■ **Record set**
___

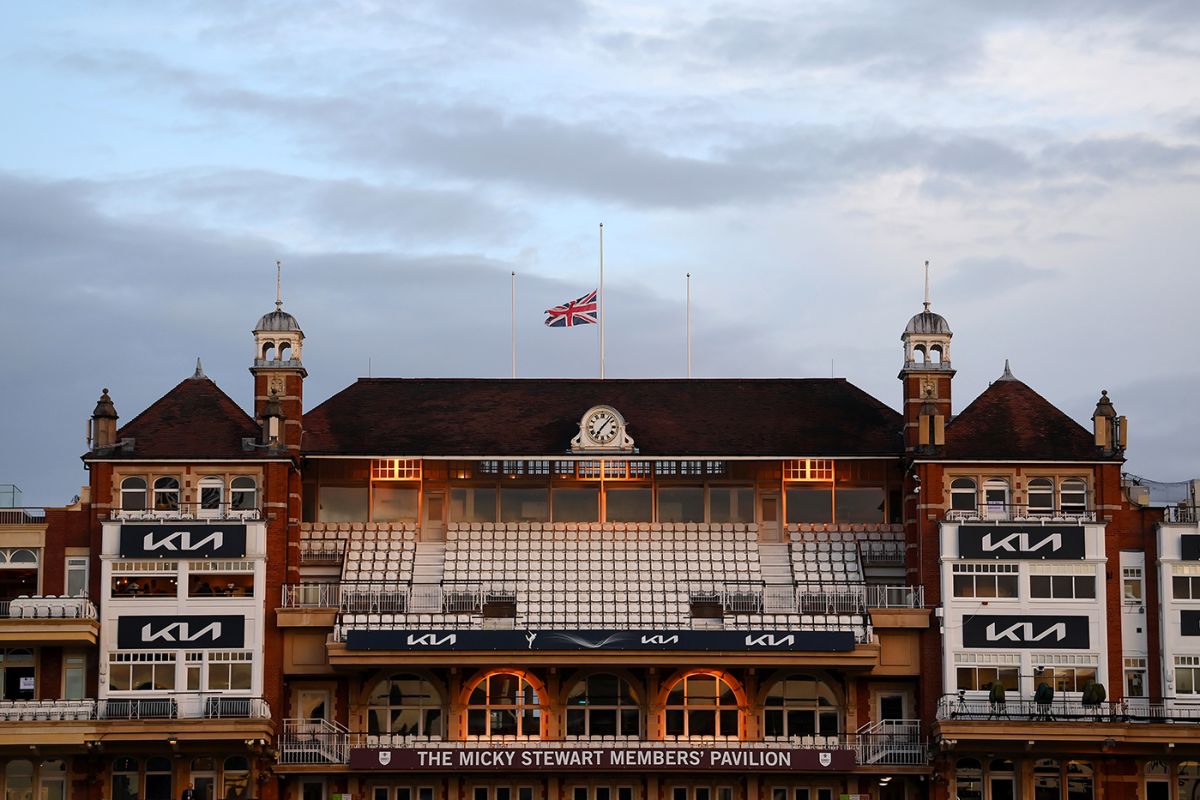 The Union flag flies at half-mast, England vs South Africa, 3rd Test, Kia Oval, 1st day, September 8, 2022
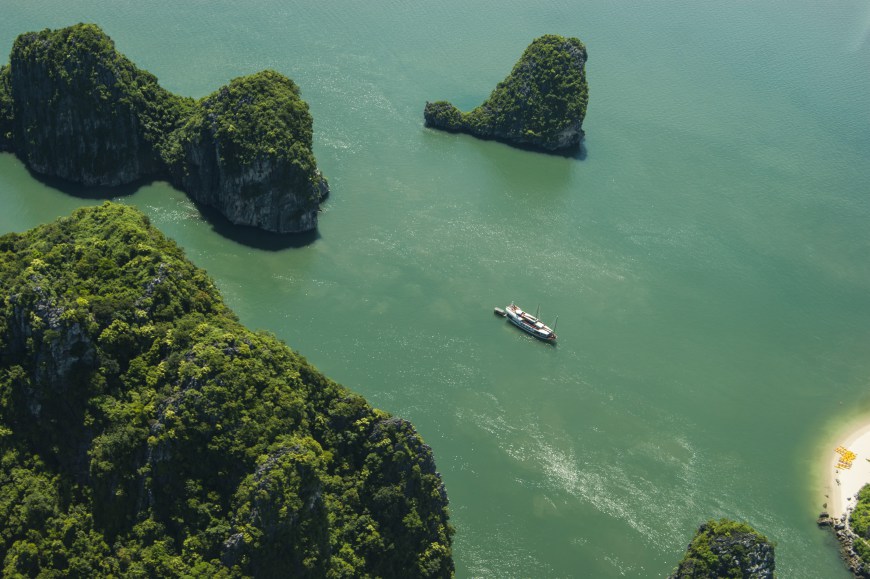 Sightseeing flight over Halong Bay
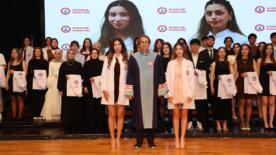 beunda gelecegin eczacilari beyaz onluk giydi i4s2DV2u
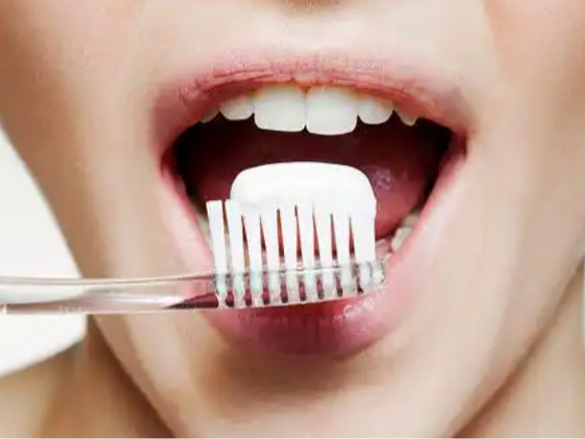 上了年紀(jì)的老年人如何刷牙？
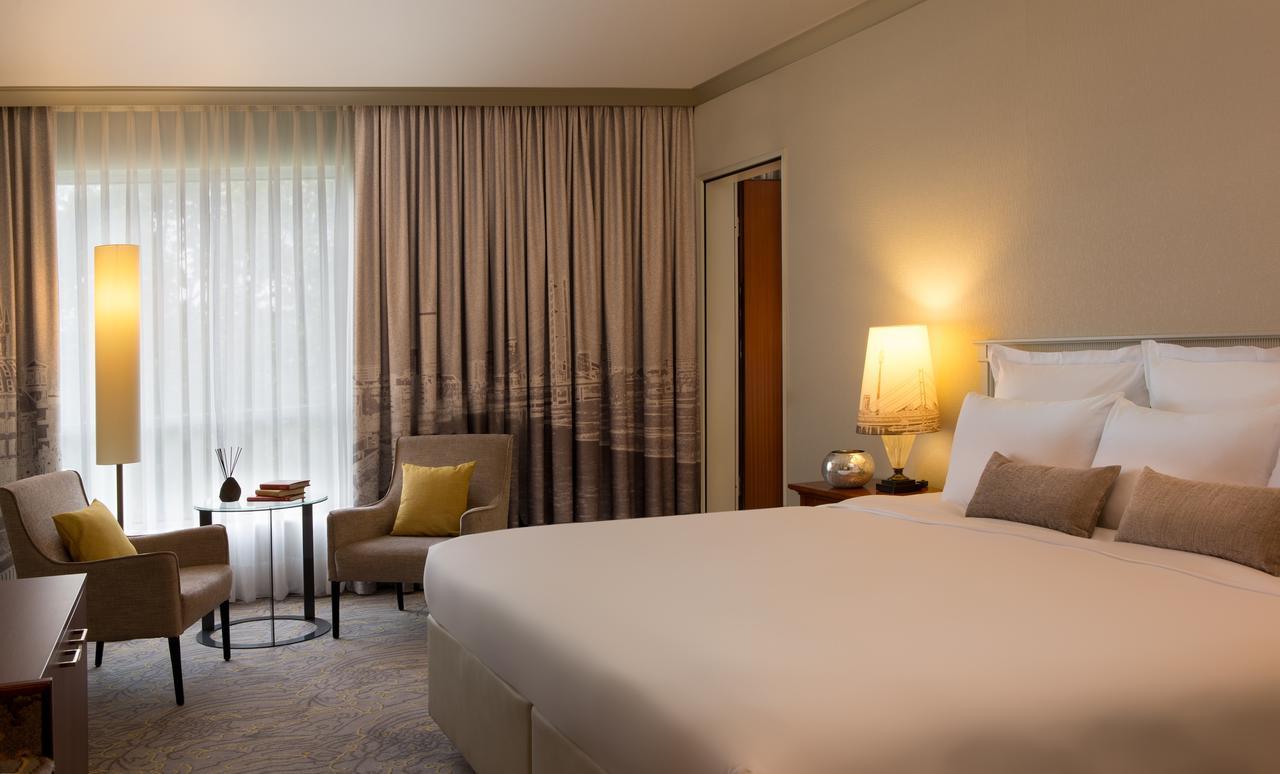 Renaissance Duesseldorf Hotel ภายนอก รูปภาพ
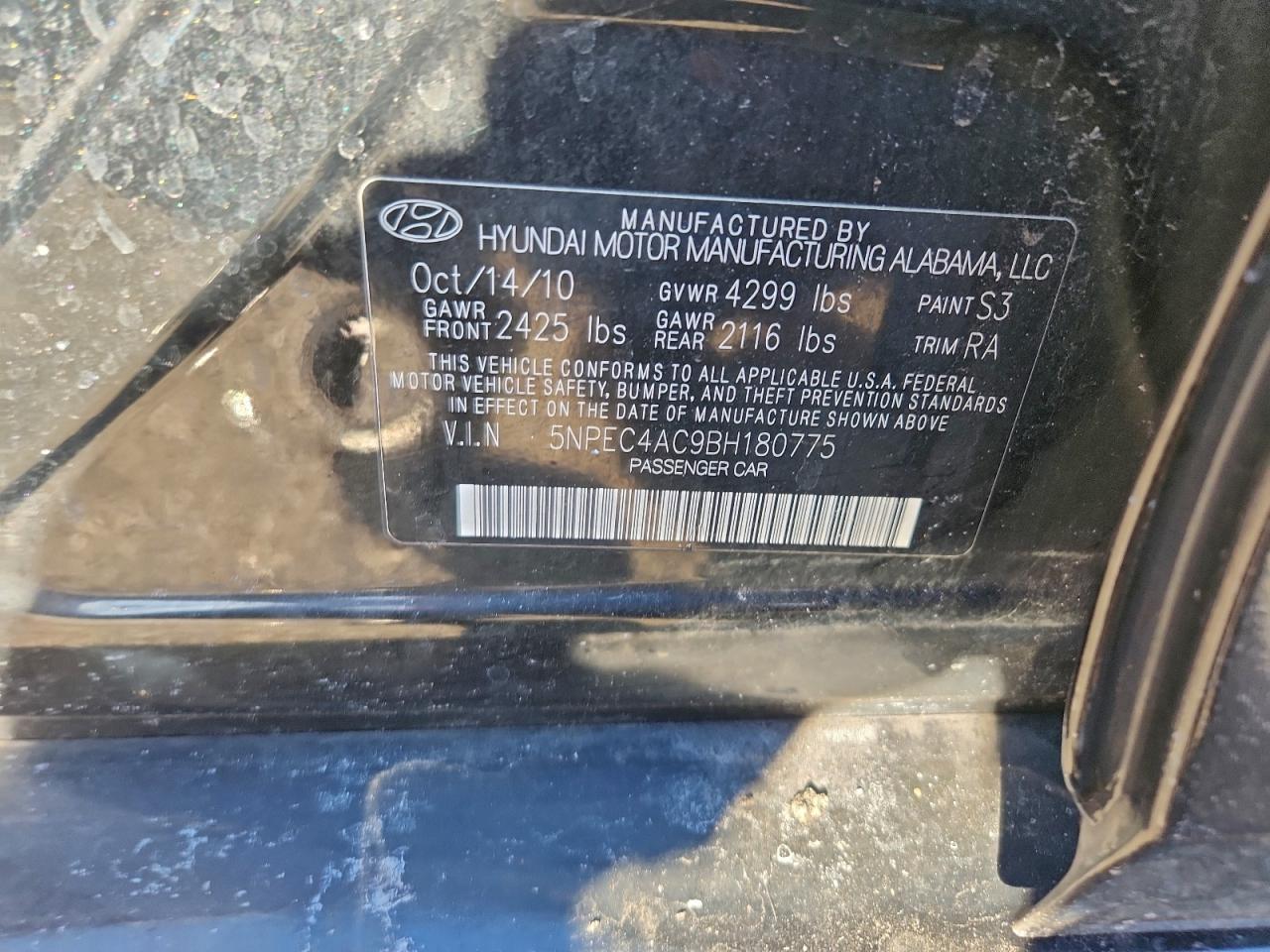 2011 HYUNDAI SONATA SE photo 13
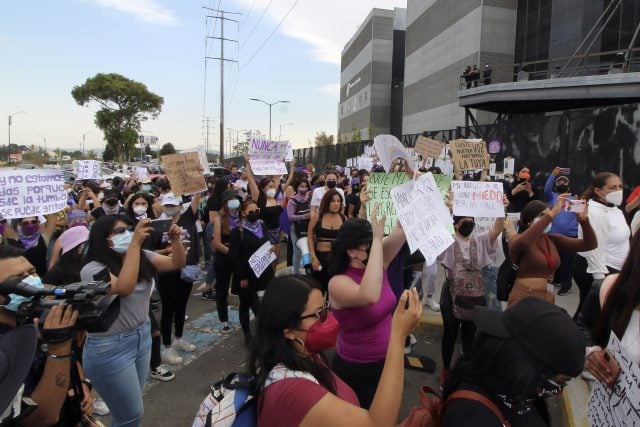 Feministas de Puebla exigen justicia por Debanhi Escobar; denuncian más casos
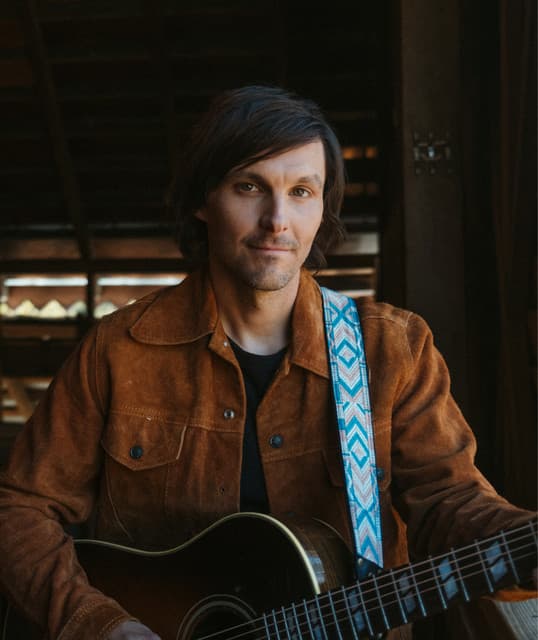 Charlie Worsham artist profile image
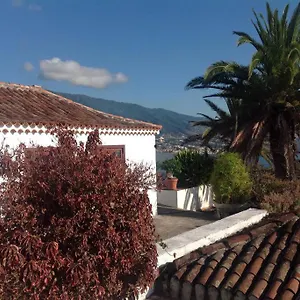 https://under-the-palm-trees.in-canary-islands.com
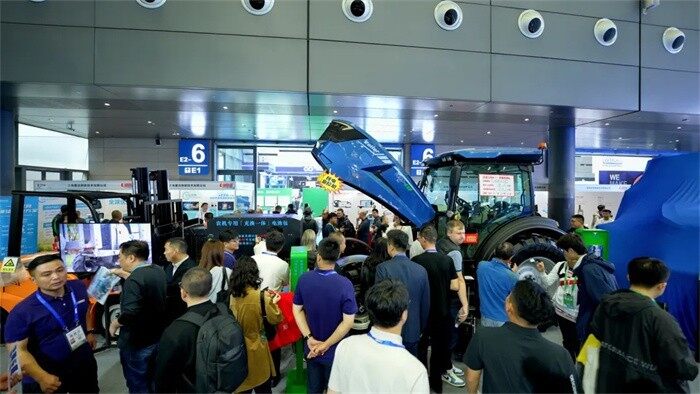 农业机器人企业中科原动力发布全球最大马力智能电动拖拉机(图5)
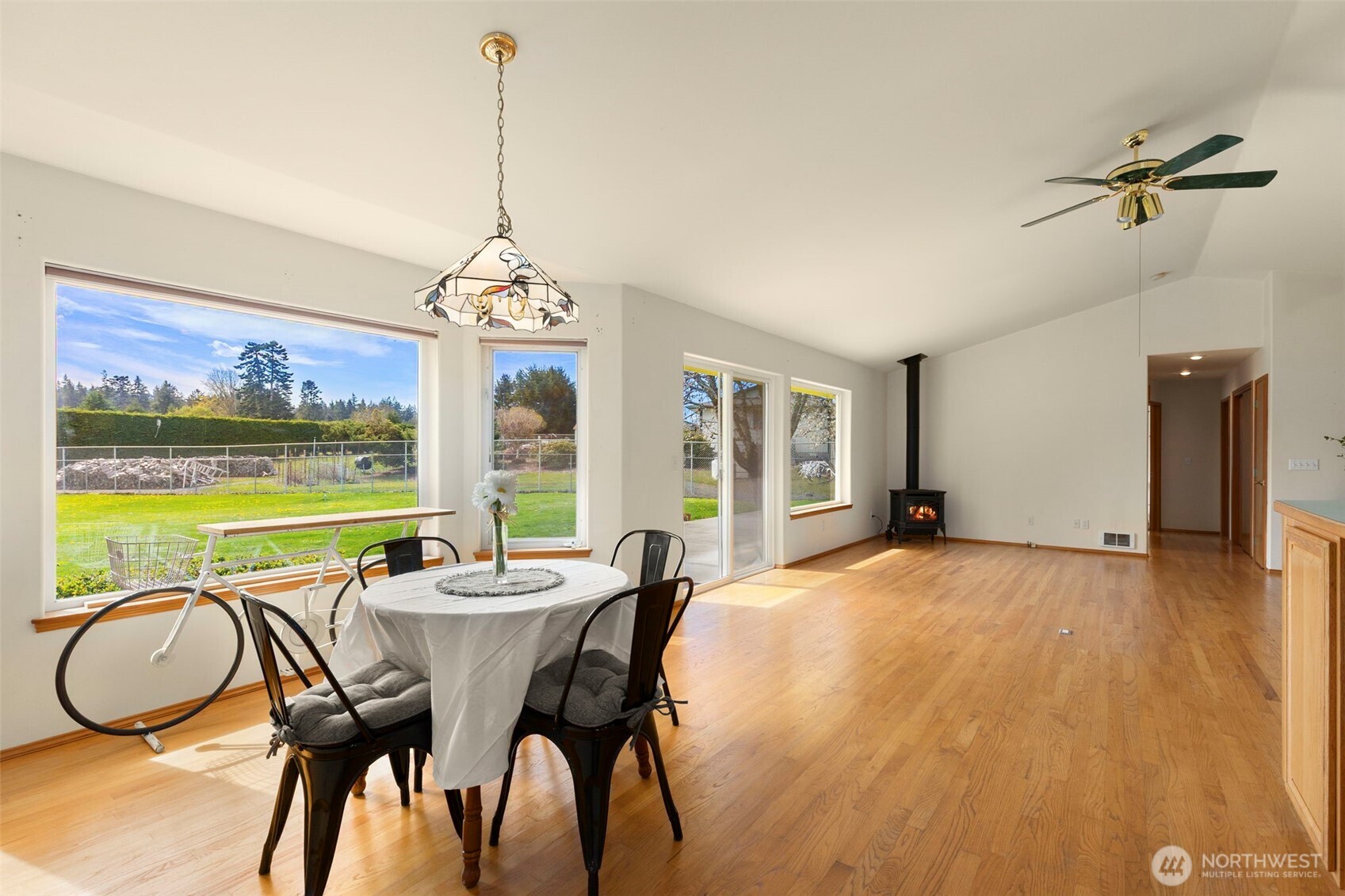 52 McComb Road , Sequim, WA 98382-8811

___

From the first line to the last, set down the records word for word and drop the images.

■ **Written response**
 The Union flag flies at half-mast, England vs South Africa, 3rd Test, Kia Oval, 1st day, September 8, 2022
 Sightseeing flight over Halong Bay
 beunda gelecegin eczacilari beyaz onluk giydi i4s2DV2u
 上了年紀(jì)的老年人如何刷牙？
 Renaissance Duesseldorf Hotel ภายนอก รูปภาพ
 2011 HYUNDAI SONATA SE photo 13
 Feministas de Puebla exigen justicia por Debanhi Escobar; denuncian más casos
 Charlie Worsham artist profile image
 https://under-the-palm-trees.in-canary-islands.com
 农业机器人企业中科原动力发布全球最大马力智能电动拖拉机(图5)
 52 McComb Road , Sequim, WA 98382-8811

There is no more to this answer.